This once great community has been brought to its knees

Northern Rock’s policy of offering 125% mortgages and the Government’s failure to act quickly are at the root of the bank’s problems, says Liberal Democrat treasury spokesman Vince Cable

NORTHERN Rock’s accounts published yesterday remind us of the costs we are all paying as a result of the business practices which its managers and directors pursued.

Many in the North East have already paid with their jobs and billions of pounds of taxpayers’ money are at risk.

What was new and worrying yesterday was the acknowledgment of the scale of the hit which taxpayers have taken from the decision to rescue the bank. From September onwards the taxpayer bankrolled Northern Rock to the tune of £26bn which, we were assured, was secured against good-quality assets. Yesterday we find out that £3.4bn of this enjoys nowhere near such security.

This £3.4bn amounts to an effective rights issue to its one and only shareholder – the Government. This money will now be entirely dependent on the success of Northern Rock as a business: a rather worrying position when its stated business plan is to contract by a half.

Of course the hope is that the Government will be able to sell off Northern Rock as a viable business when times are better, and thus be able to finally recoup much of its money. Meanwhile, in an already depressed and worsening market, it is clear that a large amount of taxpayers’ money is now at serious risk.

What makes the whole situation particularly galling is the whole Northern Rock debacle was made so much worse by the Government’s inaction in a crucial period in the autumn of last year. I and others repeatedly warned the Government to stop the bank offering reckless ‘Together’ mortgages of 125% of the value of a property. It was already clear that the market had passed its peak and that these mortgages were simply an invitation to negative equity.

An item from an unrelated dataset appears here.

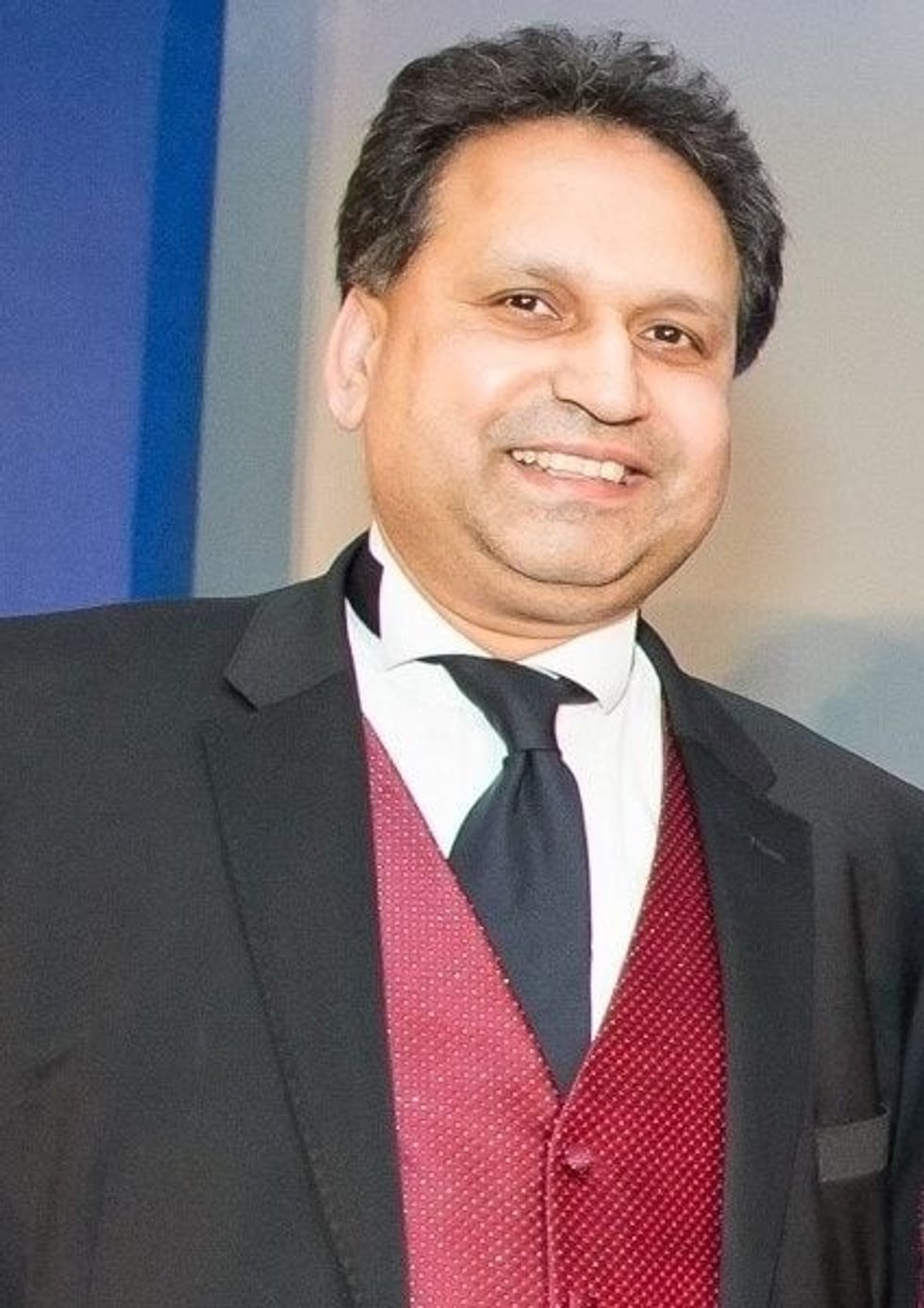 LEAD Comment Barnie Choudhury Byline pic 2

Yet the Government did nothing and the bank acquired yet more risky mortgages underwritten by the taxpayer.

We are now seeing just how misguided some of Northern Rock’s lending was. The decent mortgages Northern Rock had have been sold off to repay £9bn of the taxpayer loan. We can see that what is left behind includes many junk mortgages which are either unsecured or have been lent to people who simply cannot afford to keep up repayments.

The people of the North East and taxpayers as a whole who have seen this once great community bank brought to its knees have a right to be angry. Not only angry at the managers and directors who still have not been held to account but also the auditors, the regulator and the Government as a whole.

The woes of Northern Rock are now being felt industry-wide, and other banks, some of whom have acted in a similar fashion to Northern Rock, now wish the Government to guarantee their new loans. This would put yet more taxpayers’ money at risk and seek to prop up a housing market which is having to adjust to more affordable prices. There have been calls to temporarily abolish stamp duty for the same reason, yet this would use more public money for the same questionable end.

This does not mean we should sit idly by while people feel the pain of this falling housing market. But we must be focused on what we want to achieve. Firstly, we must ensure through a statutory code of practice that banks only ever repossess as a last resort. We must not see a return to the 1990s where half a million were made homeless. Secondly, as demand increases, the Government should rebuild the stock of social housing by allowing councils and housing associations to borrow money to buy up houses, if they can identify unsold new private property available at a generous discount.

Northern Rock must be a lesson for the Government. From here on we must concern ourselves with helping people who have been hurt by the credit crunch, not banks who are feeling the effects of their own reckless actions.